Database Integration

PostgreSQL

from vector_search import VectorSearch

vs = VectorSearch(database_type="postgres")

Required schema:

CREATE TABLE chunks (
    id SERIAL PRIMARY KEY,
    embedding vector(1536),
    text TEXT NOT NULL,
    metadata JSONB,
    date TIMESTAMP WITH TIME ZONE DEFAULT CURRENT_TIMESTAMP
);

CREATE INDEX ON chunks USING ivfflat (embedding vector_cosine_ops)
WITH (lists = 100);

Supabase

vs = VectorSearch(database_type="supabase")

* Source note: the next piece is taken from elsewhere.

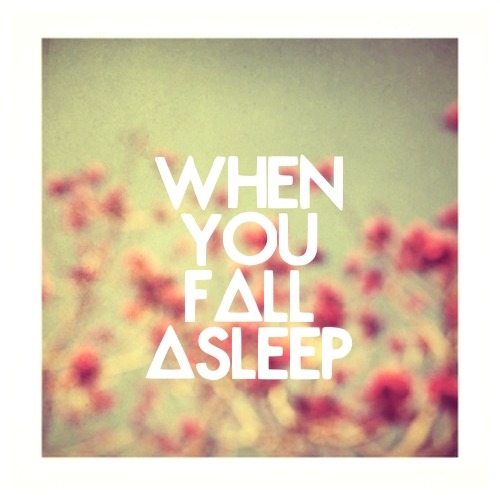 ghostthatannoysyou:  [∆] Bastille, Oblivion (x)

Additional function for Supabase:

create or replace function match_chunks (
  query_embedding vector(1536),
  match_threshold float,
  match_count int
)
returns table (
  id bigint,
  text text,
  metadata jsonb,
  date timestamptz,
  similarity float
)
language plpgsql
as $$
begin
  return query
  select
    chunks.id,
    chunks.text,
    chunks.metadata,
    chunks.date,
    1 - (chunks.embedding <=> query_embedding) as similarity
  from chunks
  where 1 - (chunks.embedding <=> query_embedding) > match_threshold
  order by chunks.embedding <=> query_embedding
  limit match_count;
end;
$$;

Advanced Features

Text Filtering

def custom_filter(text: str) -> str:
    # Remove specific patterns
    text = text.replace("[REMOVE]", "")
    # Convert to lowercase
    text = text.lower()
    # Clean whitespace
    text = " ".join(text.split())
    return text

vs = VectorSearch(
    source_type="folder",
    text_filter=custom_filter
)

Custom Components

Custom Source

from vector_search.sources import BaseSource

class CustomSource(BaseSource):
    def load_documents(self, source_path: str):
        # Your implementation
        yield {
            "text": content,
            "metadata": metadata
        }

Custom Chunker

from vector_search.chunker import BaseChunker

class CustomChunker(BaseChunker):
    def chunk_text(self, text: str, metadata: dict = None):
        # Your implementation
        return chunks

Custom Embedding

from vector_search.embeddings import BaseEmbedding

class CustomEmbedding(BaseEmbedding):
    def embed(self, texts: Union[str, List[str]]):
        # Your implementation
        return embeddings

Testing

Run specific tests:

python -m pytest tests/test_database.py
python -m pytest tests/test_embeddings.py
python -m pytest tests/test_sources.py

Run all tests:

python -m pytest tests/

Contributing

  1. Fork the repository
  2. Create a feature branch
  3. Commit your changes
  4. Push to the branch
  5. Create a Pull Request

License

This project is licensed under the MIT License - see the LICENSE file for details.

Text Filtering

The source providers support custom text filtering through an optional text_filter parameter. This allows you to preprocess text content before it's processed further in the pipeline.

Basic Usage

from vector_search.sources import FolderSource, FileSource

# Create a simple lowercase filter
def lowercase_filter(text: str) -> str:
    return text.lower()

# Initialize source with the filter
source = FolderSource(text_filter=lowercase_filter)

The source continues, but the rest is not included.